The top titles that emerged varied. They ranged from The "Lord of the Rings" and "The Hitchhiker's Guide to the Galaxy" to "Catch 22", "Gone With The Wind", "Rebecca", "Heart of Darkness" and "The Golden Notebook". This was alongside such perennial favourites as "Jane Eyre" (the most popular by a distinct margin), "Mrs Dalloway", "Wuthering Heights", "Pride and Prejudice", "Middlemarch" and "Anna Karenina". Jeanette Winterson's ""Passion and Oranges Are Not The Only Fruit", Toni Morrison's "Beloved" and Margaret Atwood's "The Handmaid's Tale" were also popular answers.

Ultimately out of the 400 women interviewed, 200 titles were given as 'watershed' books.

Favourite Novels amongst Men

Some clear favourites amongst men included Albert Camus's "The Outsider" also known as "The Stranger", Gabriel Garcia Marquez's "One Hundred Years of Solitude", J. D. Salinger's "The Catcher in the Ry"e and K. Vonnegut's "Slaughterhouse Five".

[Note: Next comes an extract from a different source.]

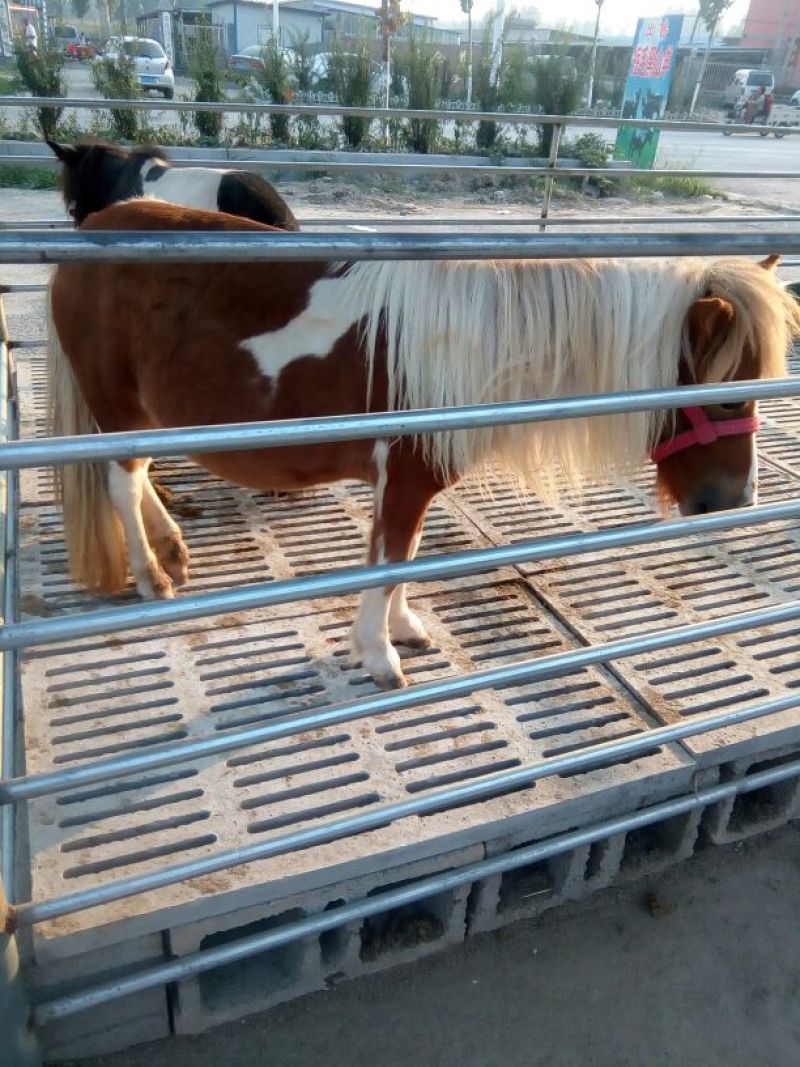 肉马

The final top 20 of men's reading clearly shows a majority of books with strong active narrative themes - books that might traditionally be described at quintessential boys' books. According to Jardine and Walker, men's reading choices tend to identify themselves with novels that include intellectual struggle. Personal vulnerability is represented as a more or less angst-ridden struggle against convention, a sense of isolation from social normality. Catastrophe and the struggle to rise above circumstance characterise the plots. This may have something to do with the age when men's formative reading occured - between the ages of 12 and 20, specifically 15 and 16.

"For men, fiction was a rite of passage into manhood during painful adolescence."

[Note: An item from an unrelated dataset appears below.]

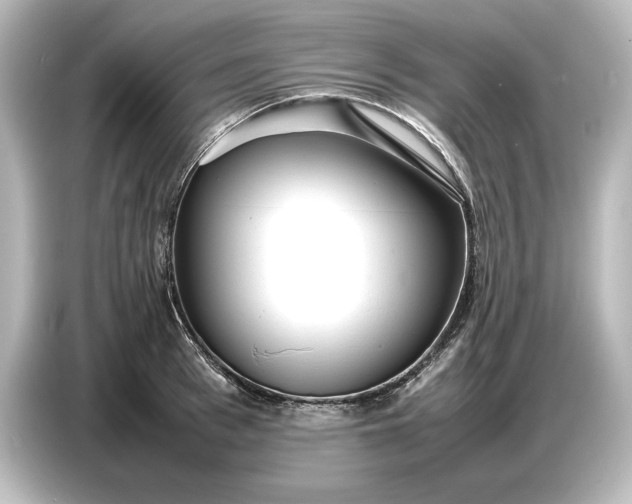 X0000087050993200705021153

In addition, the authors found strong sense of nostalgia among male readers as they looked back to their formative years; many had tended to lose interest in fiction in favour of non-fiction on entering into adulthood. One consequence of this was that several men admitted that they were reluctant to reread a book which had been almost painfully important to them at puberty.

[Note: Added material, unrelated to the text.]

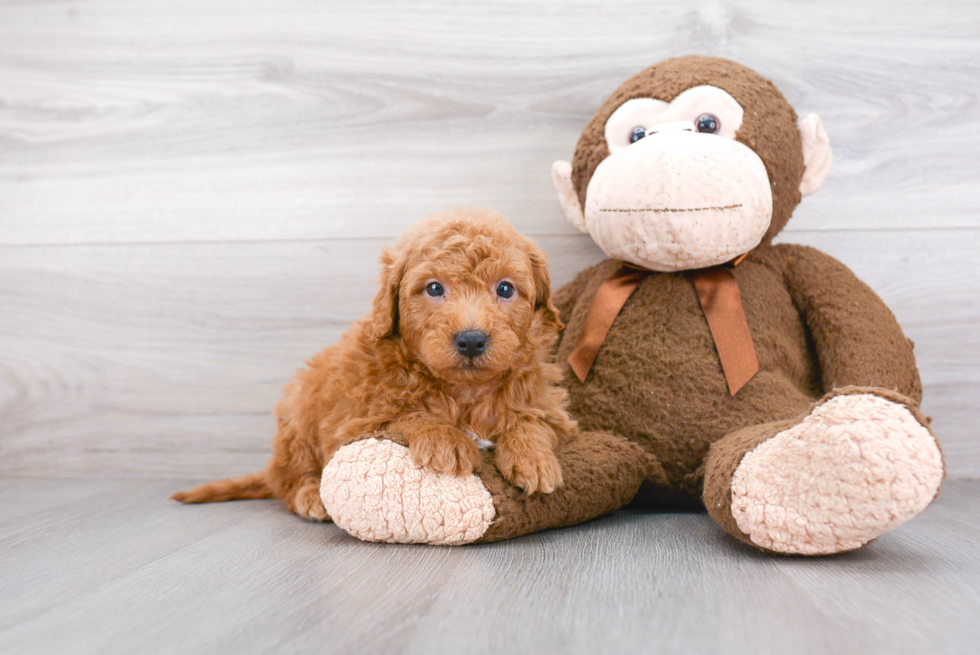 Friendly Mini Goldendoodle Baby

Key Gender Differences - Results

  • Only four titles were shared between the women's and men's top 20, and there was no overlap at all in the top five.
  • For men, a sense of "mentoring" by authors encountered as a teenager was mentioned. George Orwell, in particular, was cited frequently. This idea of mentoring had never cropped up in the survey of women's reading.
  • Men use fiction almost physically as a guide to negotiate a difficult journey (but would rarely admit to this being the case).
  • Women use novels metaphorically - the build-up to an emotional crisis and subsequent denouement in a novel such as Jane Eyre might have helped negotiate an emotional progress through a difficult divorce, or provided support during a difficult period at work, or provided solace when things seemed generally dull.
  • Six male authors made it into the women's top 20.
  • Only one woman has made it on to the men's: Harper Lee (To Kill A Mockingbird).
  • Both women and men replied that the gender of the author played no role in their reading choice. But men were more specific and literal about the kind of plot and character they were interested in reading about. This may have produced an accidental concentration on male authors, for "adventure" and "triumphing over adversity" fiction. Men who continued reading fiction into maturity became increasingly open to novels by women - Iris Murdoch was a particular favourite.